Yes. But the problem is people have a very hard time doing that. You cannot engage with EU level politics the same way you can in a real country. All these people speak different languages. Very hard to stay engaged when you have to listen to translations. You hardly ever get the kind of engaging coverage you would for domestic politics.

I know most of the politicians and parties in my country. I would easily recognize and have some opinion about most prominent congresspeople and senators in the US. Same goes for knesset members. Yet off top of my head I couldn't name you 10 EU MEPs. I know names of the biggest parties in the EU parliament but I couldn't tell you much about them.

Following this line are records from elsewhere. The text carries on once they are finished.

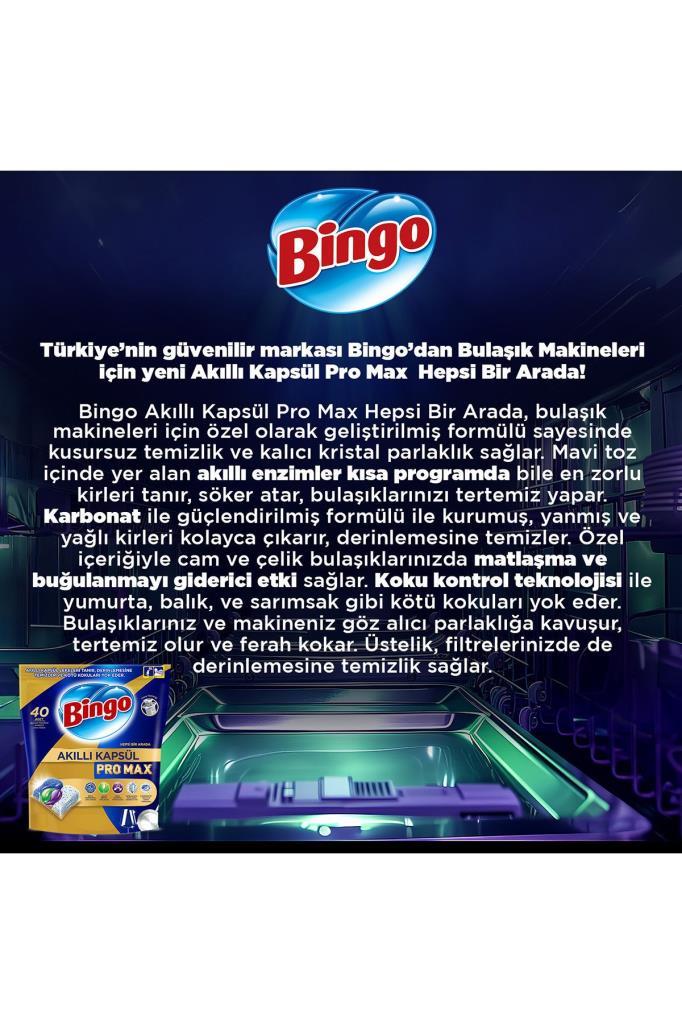 Bingo Akıllı Kapsül Pro Max Bulaşık Deterjanı Tableti 120-li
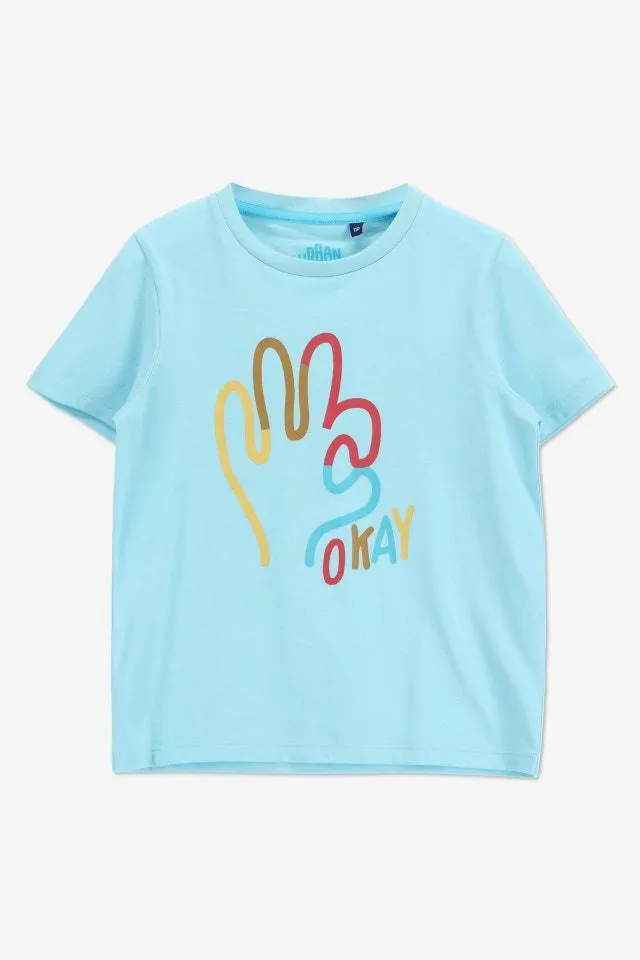 Lichtblauw T-shirt OKAY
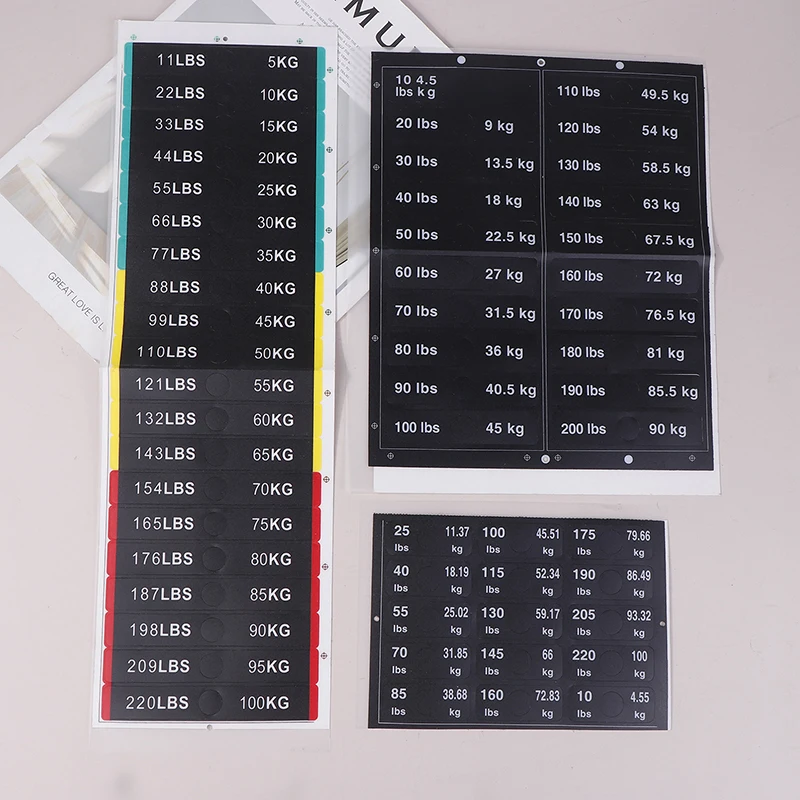 Этикетки на стеки веса от 4 5 до 150 кг черный фон белый номер наклейки вес для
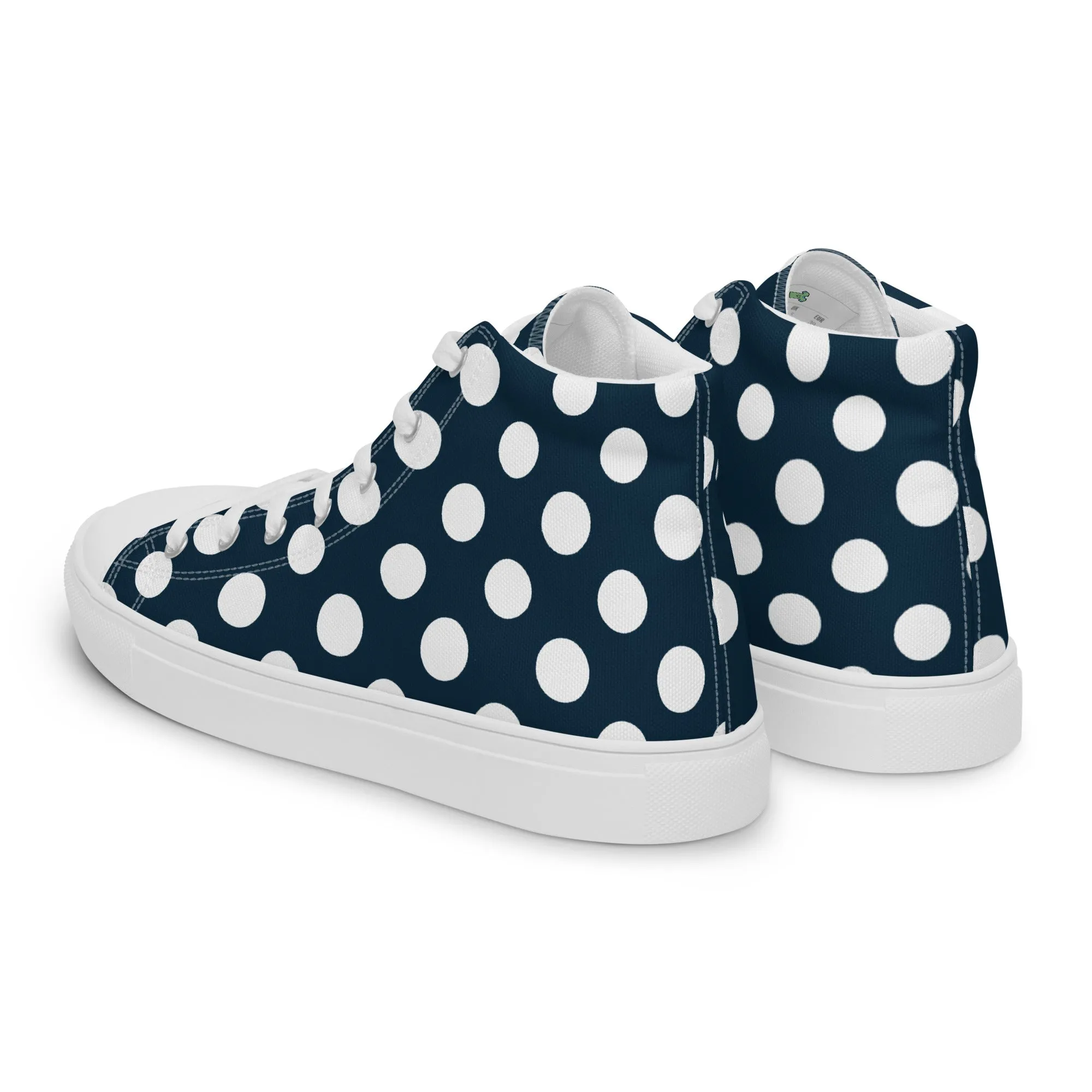 Blue with White Polka Dots Men’s high top canvas shoes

Unless EU actually tries to establish a common culture and a common language, I don't see much changing.

1 comments

My boy goes to a European School (schools set up for employees of the Union), because my girlfriend works for a European institution. I sit on the parents association of the school. That said -

There already is a common language and it's English. It may not be officially recognized but it's what everybody working for an EU institution uses.

Not knowing any MEPs by name is your choice and not a deficiency of the EU.

Watch any EU parliament video and count how many people speak English.

https://www.youtube.com/watch?v=io8aRZUFCxE

Even the speaker of the house doesn't. President of the EU commission starts off in her language, briefly reads some English off a piece of paper and then switches back. Maybe 1 in 3 or 4 MEPs speak some English. It's very hard to watch. And mind you, in most EU countries regular people would have trouble following the English translation too, they'd need to find one in their language.

I'm not questioning what you said about those working in EU institutions, I'm sure that's true. But that's irrelevant, that's not what drives politics.